Synthesis cost: one comparison and a 2:1 mux per sum bit. Negligible on Zynq UltraScale+ or iCE40UP5K (our two current targets).

Verification

Same testbench, same input pattern, post-fix probe of sum MSB:

10us – 1000us: MSB = 0 throughout the ENTIRE simulation

No wraps. No sign flips. The accumulator clamps cleanly at the upper limit when input pushes it past +(2^(PROD_W-1) - 1), and the EMA continues to behave as a low-pass filter at the saturation boundary.

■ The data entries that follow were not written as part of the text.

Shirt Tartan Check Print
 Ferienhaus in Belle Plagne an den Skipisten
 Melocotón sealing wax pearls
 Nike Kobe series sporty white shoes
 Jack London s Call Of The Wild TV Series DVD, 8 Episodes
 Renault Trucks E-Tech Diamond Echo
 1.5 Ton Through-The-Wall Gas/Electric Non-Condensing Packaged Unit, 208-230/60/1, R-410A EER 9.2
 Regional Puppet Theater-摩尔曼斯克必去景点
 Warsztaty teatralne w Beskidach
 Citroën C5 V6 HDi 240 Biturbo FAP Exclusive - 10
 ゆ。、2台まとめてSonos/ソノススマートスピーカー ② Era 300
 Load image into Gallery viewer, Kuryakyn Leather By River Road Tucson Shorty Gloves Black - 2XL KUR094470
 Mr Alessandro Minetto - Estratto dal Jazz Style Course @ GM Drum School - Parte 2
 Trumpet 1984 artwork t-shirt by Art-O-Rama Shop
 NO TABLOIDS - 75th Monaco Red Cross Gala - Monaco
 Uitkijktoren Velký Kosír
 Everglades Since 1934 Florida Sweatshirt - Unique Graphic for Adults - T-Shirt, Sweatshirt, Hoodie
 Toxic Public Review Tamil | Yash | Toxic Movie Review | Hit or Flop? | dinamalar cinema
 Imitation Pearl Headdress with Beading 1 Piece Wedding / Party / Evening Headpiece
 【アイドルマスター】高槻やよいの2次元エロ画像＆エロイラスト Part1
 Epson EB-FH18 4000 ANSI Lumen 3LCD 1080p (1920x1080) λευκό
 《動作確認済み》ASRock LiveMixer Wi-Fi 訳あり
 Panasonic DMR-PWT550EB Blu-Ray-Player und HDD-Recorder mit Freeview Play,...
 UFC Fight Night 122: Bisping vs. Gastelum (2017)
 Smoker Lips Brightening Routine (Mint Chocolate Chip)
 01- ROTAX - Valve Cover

End-to-end result: 9/9 testbench assertions pass across the full 64-channel polyphase channelizer with 64 instances of this lowpass_ema module in production cascade configuration.

Notes for Matthew et al

• EXTRA_W = 4 is chosen conservatively to absorb any reasonable combination of MULT_DATA_SHIFT and MULT_SUM_SHIFT (max 3 bits each in our config) plus the +1 bit for the addition. Maybe this should be parameterized as well?? Or leave it up to implementers to compute it from the existing shift parameters? Not sure what to do about this.

• The original sum <= ... line is preserved as a comment immediately above the new code so we can see exactly what's being replaced without flipping between commits. It can be removed if this all looks reasonable and it's too much clutter.

• I have not changed any timing or interface sum keeps the same type, width, and combinational nature.